• [ASSIGNMENT]:
Would you repeat word for word the lines of the listing that follows, from the one with "Terracotta Spaß Sehr" up to and including the one with "IKON MOTORSPORTS Tape", and leave out the images?

• [DATA FOR THIS EXERCISE]:
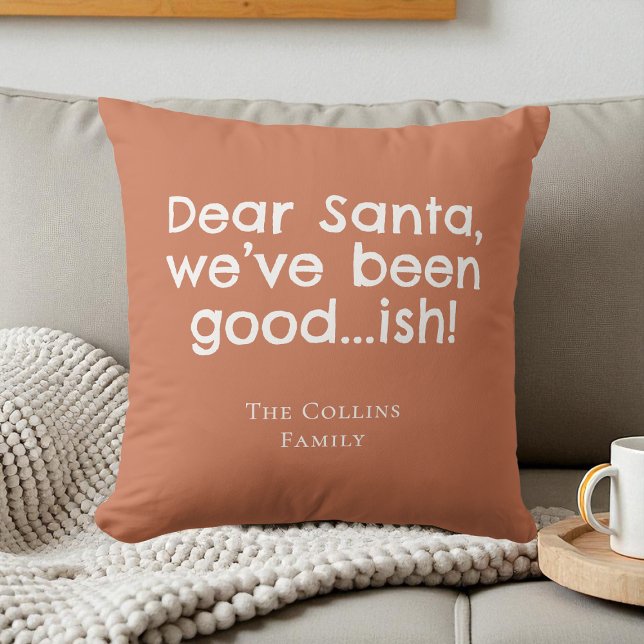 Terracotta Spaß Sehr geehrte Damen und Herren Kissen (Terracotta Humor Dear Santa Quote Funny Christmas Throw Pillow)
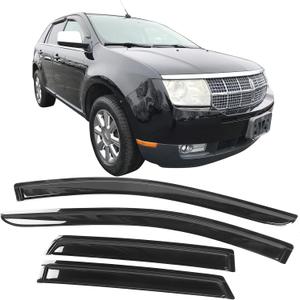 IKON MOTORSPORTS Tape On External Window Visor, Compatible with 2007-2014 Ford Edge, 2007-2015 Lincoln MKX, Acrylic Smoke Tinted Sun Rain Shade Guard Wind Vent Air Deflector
...
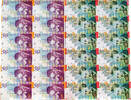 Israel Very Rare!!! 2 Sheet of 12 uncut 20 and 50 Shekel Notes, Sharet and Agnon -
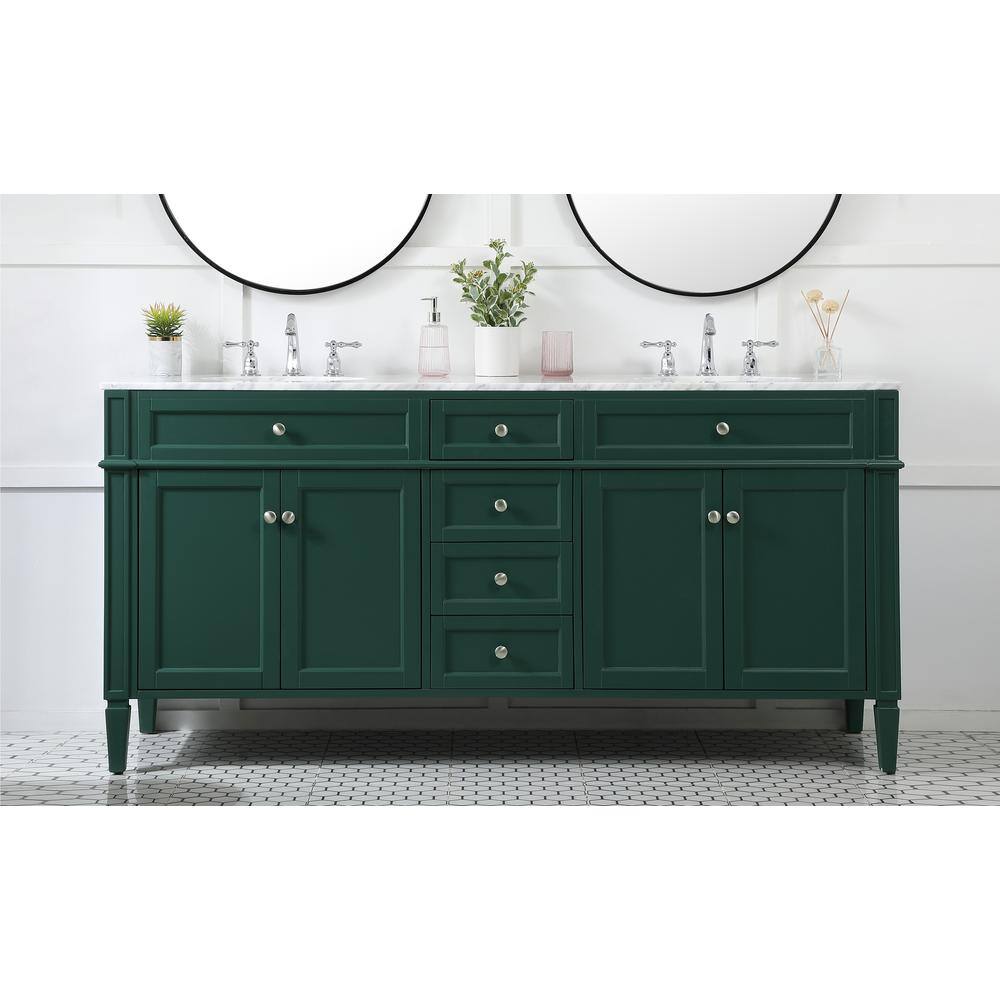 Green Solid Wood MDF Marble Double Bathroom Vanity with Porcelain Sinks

• [RESULT FOR THIS EXERCISE]:
 Terracotta Spaß Sehr geehrte Damen und Herren Kissen (Terracotta Humor Dear Santa Quote Funny Christmas Throw Pillow)
 IKON MOTORSPORTS Tape On External Window Visor, Compatible with 2007-2014 Ford Edge, 2007-2015 Lincoln MKX, Acrylic Smoke Tinted Sun Rain Shade Guard Wind Vent Air Deflector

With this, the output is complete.